Data Center Interconnection

With 40 Gbit/s: High-Speed Data Center Interconnect with FPGA Technology

To ensure the security, high availability and redundancy of datacenters, IT security experts at genua are developing high-speed VPN gateways based on FPGA. The aim is to achieve extremely fast signal processing combined with maximum trustworthiness of the hardware. In this interview, Andreas Fiessler, Head of FPGA Development at genua, explains how Field Programmable Gate Arrays (FGPAs) are being used for high-performance packet processing in the project genuscreen 40G VPN.

Why Is Trust a Key Factor in Datacenter Interconnect?

Andreas Fiessler: For us as security manufacturers, trust is always the key focus of all of our products. Even with hardware-accelerated components, I could resort to ready-made solutions. The problem is that I can't see inside them. As a result, every backdoor and every functionality could be concealed there, installed by other people and hidden from sight. And I can't prove it, I can't rule it out.
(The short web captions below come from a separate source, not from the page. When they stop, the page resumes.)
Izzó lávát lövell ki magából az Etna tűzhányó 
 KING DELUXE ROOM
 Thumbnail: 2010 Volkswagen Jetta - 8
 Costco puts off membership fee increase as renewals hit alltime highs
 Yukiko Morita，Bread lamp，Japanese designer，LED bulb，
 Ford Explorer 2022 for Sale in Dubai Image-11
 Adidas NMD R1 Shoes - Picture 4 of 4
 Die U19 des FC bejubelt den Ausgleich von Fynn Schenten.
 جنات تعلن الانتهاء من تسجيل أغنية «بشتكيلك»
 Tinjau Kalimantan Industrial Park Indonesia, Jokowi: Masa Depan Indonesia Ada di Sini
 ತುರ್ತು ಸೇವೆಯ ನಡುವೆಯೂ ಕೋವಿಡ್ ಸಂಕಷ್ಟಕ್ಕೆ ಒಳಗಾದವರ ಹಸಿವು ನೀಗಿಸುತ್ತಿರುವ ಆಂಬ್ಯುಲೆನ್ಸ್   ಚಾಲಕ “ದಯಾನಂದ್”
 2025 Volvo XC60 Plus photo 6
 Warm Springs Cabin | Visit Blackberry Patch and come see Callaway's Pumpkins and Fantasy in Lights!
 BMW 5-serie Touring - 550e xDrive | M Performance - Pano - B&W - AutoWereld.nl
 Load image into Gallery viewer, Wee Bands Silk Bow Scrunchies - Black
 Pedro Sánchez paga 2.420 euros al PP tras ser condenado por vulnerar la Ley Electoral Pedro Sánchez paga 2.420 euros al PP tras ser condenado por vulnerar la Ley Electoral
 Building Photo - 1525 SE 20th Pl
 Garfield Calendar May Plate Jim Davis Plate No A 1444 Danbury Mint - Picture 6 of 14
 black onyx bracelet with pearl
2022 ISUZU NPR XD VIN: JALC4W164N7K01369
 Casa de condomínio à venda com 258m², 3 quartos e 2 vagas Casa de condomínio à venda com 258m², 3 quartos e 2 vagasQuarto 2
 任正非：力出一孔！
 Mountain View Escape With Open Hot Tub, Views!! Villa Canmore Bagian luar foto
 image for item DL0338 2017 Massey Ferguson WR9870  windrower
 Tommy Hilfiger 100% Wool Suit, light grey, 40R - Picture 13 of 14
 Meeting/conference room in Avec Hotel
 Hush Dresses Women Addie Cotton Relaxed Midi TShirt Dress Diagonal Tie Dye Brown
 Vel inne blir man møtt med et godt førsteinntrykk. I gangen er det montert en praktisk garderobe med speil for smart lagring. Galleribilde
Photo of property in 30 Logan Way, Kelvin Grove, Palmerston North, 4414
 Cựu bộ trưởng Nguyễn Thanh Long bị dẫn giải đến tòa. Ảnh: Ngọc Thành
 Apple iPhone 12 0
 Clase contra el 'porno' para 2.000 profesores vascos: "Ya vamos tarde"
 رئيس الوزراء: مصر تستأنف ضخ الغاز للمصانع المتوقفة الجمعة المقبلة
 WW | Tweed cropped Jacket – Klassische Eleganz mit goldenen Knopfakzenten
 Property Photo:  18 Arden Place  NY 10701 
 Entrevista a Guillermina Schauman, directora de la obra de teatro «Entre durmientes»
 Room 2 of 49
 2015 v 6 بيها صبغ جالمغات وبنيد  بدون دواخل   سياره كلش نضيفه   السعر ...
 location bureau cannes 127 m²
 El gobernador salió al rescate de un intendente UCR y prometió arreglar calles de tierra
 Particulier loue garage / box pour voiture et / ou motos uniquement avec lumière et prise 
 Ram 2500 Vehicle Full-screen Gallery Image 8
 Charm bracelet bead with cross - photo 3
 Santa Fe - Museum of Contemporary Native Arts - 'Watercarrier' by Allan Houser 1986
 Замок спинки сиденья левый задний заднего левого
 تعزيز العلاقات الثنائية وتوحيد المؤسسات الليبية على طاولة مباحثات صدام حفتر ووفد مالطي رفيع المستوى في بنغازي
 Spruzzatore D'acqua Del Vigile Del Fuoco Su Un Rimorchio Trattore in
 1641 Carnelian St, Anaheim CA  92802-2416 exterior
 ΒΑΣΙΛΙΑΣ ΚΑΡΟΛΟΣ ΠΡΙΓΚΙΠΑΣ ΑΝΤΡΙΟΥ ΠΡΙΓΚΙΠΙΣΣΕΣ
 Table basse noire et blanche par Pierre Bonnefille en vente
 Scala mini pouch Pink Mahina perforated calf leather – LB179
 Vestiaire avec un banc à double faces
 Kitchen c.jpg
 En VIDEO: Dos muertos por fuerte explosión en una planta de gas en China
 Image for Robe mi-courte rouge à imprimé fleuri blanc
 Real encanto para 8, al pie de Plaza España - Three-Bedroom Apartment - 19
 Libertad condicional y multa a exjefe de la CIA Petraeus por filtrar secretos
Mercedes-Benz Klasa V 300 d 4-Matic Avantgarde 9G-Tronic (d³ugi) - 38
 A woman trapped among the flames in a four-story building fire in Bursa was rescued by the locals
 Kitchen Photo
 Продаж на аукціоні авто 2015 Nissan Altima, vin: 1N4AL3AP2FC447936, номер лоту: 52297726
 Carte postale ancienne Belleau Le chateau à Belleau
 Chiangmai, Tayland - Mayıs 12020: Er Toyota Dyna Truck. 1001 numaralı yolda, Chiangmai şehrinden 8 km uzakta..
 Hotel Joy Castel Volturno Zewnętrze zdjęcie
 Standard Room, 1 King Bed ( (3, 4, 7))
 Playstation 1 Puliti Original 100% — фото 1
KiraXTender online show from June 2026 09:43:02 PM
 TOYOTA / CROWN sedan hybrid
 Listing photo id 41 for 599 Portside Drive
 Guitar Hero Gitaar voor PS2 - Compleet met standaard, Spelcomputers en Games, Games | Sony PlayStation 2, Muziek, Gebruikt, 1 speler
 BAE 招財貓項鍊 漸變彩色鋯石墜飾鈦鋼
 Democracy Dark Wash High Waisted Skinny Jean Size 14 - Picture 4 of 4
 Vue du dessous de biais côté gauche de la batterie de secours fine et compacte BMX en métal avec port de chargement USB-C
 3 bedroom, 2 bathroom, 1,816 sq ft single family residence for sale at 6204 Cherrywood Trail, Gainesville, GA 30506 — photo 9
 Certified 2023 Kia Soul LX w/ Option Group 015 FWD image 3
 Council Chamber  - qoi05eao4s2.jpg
Unfortunately, that is a very realistic scenario. In the past, the possibility of such a thing was only discussed. But in just the last few months, we have seen from incidents such as supply chain attacks that these things actually happen. In this respect, developing FPGAs myself is an advantage. I can determine the wiring myself. And, of course, I can trust myself and prove that what's happening there is only what I want to happen.

What Advantages do FPGAs offer for Data Center Interconnect?

Andreas Fiessler: The main motivation is the speed. With FPGA-based hardware acceleration, I can achieve far higher speeds of network packet processing than would be possible on classic software-based systems. With our software-based solutions, we are currently achieving approximately 1 to 10 Gbit/s for encryption, depending on the scenario's complexity. It largely depends on what I do with the packets and how much pre- and post-processing I need. With hardware acceleration, I have completely different speed ranges, currently 40 Gbit/s, but 100, 200 or even 800 Gbit/s is a realistic aim.

At the moment, we primarily intend this to be used for data center interconnect – where the number of connections is low and the speed requirements are high. This means networking multiple data center locations.

How Are FPGAs Used in the genuscreen 40G VPN Appliance?

Andreas Fiessler: Our new genuscreen 40G VPN Appliance is an FPGA-expanded version of the existing genuscreen, a VPN gateway that we have accelerated using the FPGA. On the FPGA, we use offloading mechanisms to accelerate the IPsec VPN connection, currently to 40 Gbit/s full duplex. We can guarantee low latency, currently of 20 μs, for packet processing.

Here (image on the left), we can see an open genuscreen with the FPGA expansion card. On a normal genuscreen, the following would happen: We would have our network interfaces, and the network traffic would be processed by the normal CPU via a software-based approach. I would also be able to install larger network cards. However, at some point, an inherent maximum would be reached due to the overhead associated with software-based packet processing. In this scenario, I now have an FPGA-based card instead. It is configured via the normal CPU, via the host system.

However, unlike with normal processing, I can process the packets directly on the FPGA. This means that my traffic goes in here, is processed and comes back out directly on the other interface, without an overhead. As a result, I easily achieve higher speeds.

What Is It about FPGA Technology that Excites You?

Andreas Fiessler: FPGA development is just fundamentally different than software development. The way of thinking is different, a bit special, but the results speak for themselves. You simply have far more options and goals that you can reach.